* Brief
Please set down the data again exactly, minus the pictures.

* Supplied material

◇ ◇ ◇ ◇ ◇

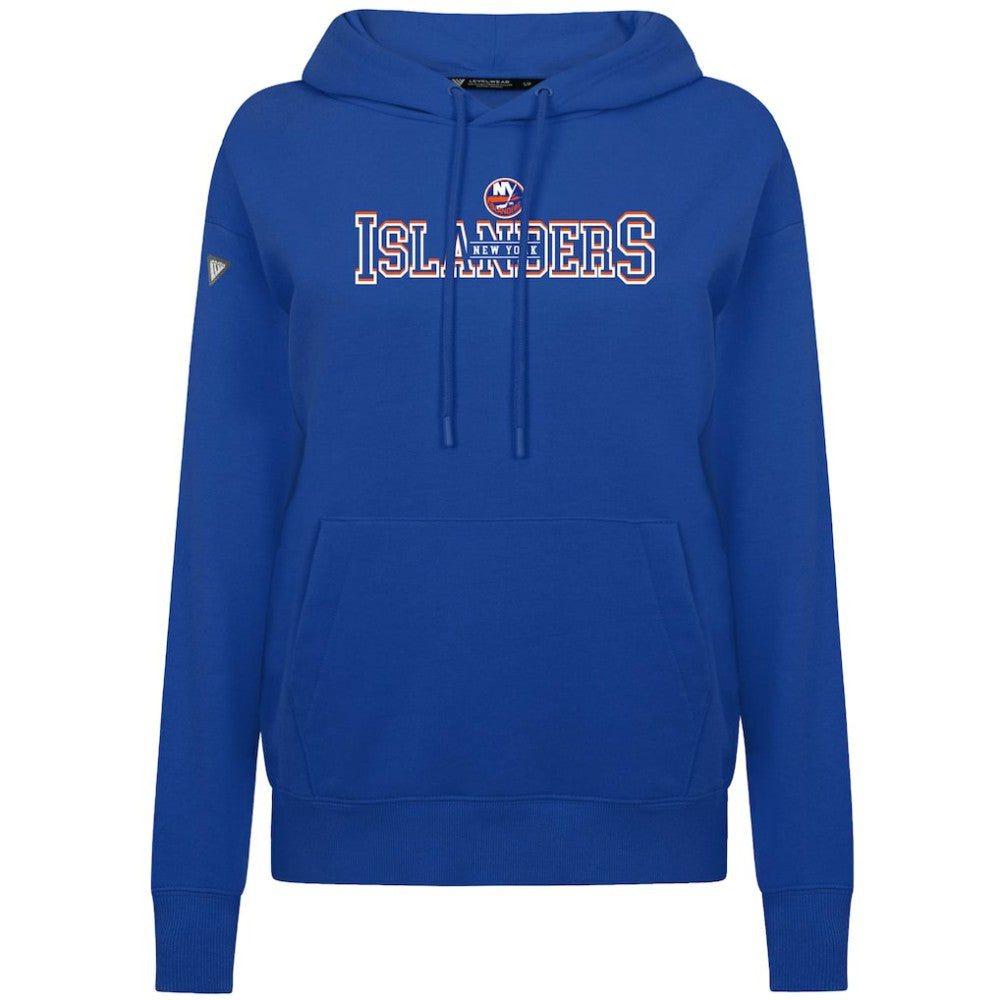New York Islanders Levelwear Women's Adorn Journey Pullover Hoodie - Royal | US 203146143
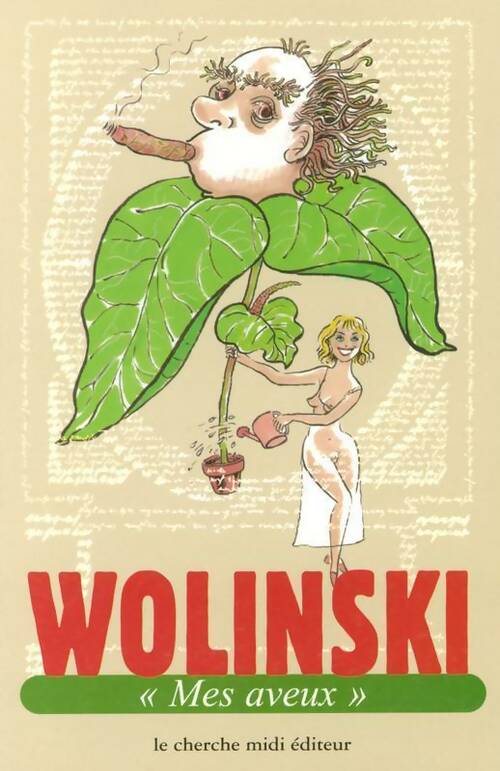 Livrenpoche : Mes aveux - Georges Wolinski - Livre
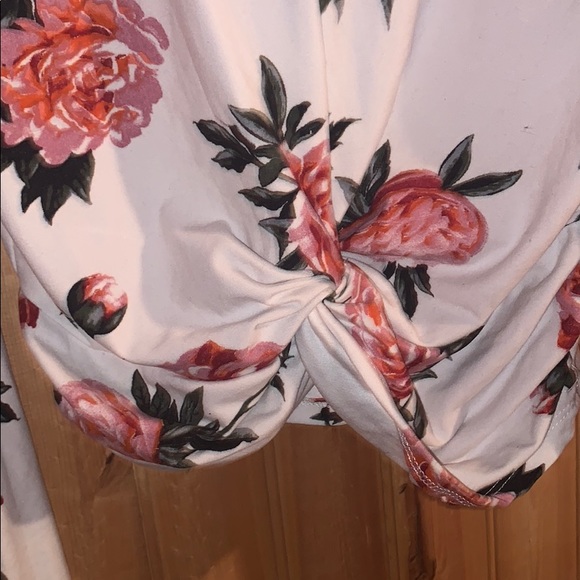 Long sleeve crop top - Picture 2 of 2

◇ ◇ ◇ ◇ ◇

* Answer for the task
New York Islanders Levelwear Women's Adorn Journey Pullover Hoodie - Royal | US 203146143
 Livrenpoche : Mes aveux - Georges Wolinski - Livre
 Long sleeve crop top - Picture 2 of 2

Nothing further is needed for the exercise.